- **Entries shown**
───
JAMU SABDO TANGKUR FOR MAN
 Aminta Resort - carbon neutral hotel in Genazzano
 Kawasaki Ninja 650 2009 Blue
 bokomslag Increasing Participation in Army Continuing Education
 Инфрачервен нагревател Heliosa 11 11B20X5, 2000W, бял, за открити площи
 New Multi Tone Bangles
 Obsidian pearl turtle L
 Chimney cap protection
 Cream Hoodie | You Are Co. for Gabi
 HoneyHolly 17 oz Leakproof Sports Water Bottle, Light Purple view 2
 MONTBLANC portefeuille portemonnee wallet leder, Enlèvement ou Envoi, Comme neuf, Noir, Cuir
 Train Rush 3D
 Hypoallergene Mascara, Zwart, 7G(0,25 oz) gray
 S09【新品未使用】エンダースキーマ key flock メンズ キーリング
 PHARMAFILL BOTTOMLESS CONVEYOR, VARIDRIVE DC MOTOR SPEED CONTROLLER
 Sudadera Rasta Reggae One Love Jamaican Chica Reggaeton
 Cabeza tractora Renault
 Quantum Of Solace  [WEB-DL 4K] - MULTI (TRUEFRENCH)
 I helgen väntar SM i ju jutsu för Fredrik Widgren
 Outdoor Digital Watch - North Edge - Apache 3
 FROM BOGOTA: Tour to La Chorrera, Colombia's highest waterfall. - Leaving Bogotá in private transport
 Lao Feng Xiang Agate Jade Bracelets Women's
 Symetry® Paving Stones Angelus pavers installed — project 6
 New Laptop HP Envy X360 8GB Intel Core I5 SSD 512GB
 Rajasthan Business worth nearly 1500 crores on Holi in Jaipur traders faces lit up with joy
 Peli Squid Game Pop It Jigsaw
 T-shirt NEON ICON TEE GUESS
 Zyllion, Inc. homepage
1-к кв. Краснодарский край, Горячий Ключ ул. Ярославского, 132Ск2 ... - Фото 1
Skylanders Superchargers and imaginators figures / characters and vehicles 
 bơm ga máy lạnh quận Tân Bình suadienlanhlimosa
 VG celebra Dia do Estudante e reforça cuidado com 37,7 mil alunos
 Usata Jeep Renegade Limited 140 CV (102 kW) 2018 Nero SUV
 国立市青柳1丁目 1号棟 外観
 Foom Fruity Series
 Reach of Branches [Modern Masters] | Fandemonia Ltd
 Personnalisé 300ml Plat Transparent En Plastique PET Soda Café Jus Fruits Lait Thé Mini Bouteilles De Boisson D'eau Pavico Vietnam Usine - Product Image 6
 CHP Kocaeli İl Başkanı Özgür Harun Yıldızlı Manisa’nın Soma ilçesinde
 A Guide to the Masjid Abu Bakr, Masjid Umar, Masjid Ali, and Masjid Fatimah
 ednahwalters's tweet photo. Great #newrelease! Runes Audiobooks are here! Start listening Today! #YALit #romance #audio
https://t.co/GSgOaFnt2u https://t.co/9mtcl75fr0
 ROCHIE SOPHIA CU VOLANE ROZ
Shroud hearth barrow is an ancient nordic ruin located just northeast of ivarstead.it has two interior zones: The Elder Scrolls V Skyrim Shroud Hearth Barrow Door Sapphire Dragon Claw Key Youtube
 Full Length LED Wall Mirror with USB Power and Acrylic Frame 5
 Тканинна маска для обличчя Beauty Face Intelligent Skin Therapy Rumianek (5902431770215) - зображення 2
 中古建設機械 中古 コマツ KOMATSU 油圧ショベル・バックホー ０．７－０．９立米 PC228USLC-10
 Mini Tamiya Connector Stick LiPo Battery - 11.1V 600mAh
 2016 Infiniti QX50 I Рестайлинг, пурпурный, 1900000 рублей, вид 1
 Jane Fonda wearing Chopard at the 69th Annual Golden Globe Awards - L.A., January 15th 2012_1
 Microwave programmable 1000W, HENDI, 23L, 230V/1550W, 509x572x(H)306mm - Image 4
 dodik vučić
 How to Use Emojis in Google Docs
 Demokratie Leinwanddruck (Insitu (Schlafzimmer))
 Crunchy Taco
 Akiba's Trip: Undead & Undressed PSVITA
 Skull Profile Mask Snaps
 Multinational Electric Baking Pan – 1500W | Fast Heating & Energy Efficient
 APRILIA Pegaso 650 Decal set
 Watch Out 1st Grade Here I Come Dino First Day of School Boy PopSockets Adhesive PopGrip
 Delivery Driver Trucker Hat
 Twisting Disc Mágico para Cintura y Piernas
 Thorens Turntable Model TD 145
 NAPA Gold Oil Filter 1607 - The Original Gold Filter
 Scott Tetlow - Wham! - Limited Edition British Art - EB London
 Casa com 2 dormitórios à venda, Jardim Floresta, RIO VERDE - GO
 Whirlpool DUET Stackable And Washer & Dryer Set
───
Say how many lines of the listing above include the word "Mini", and give no other text.

2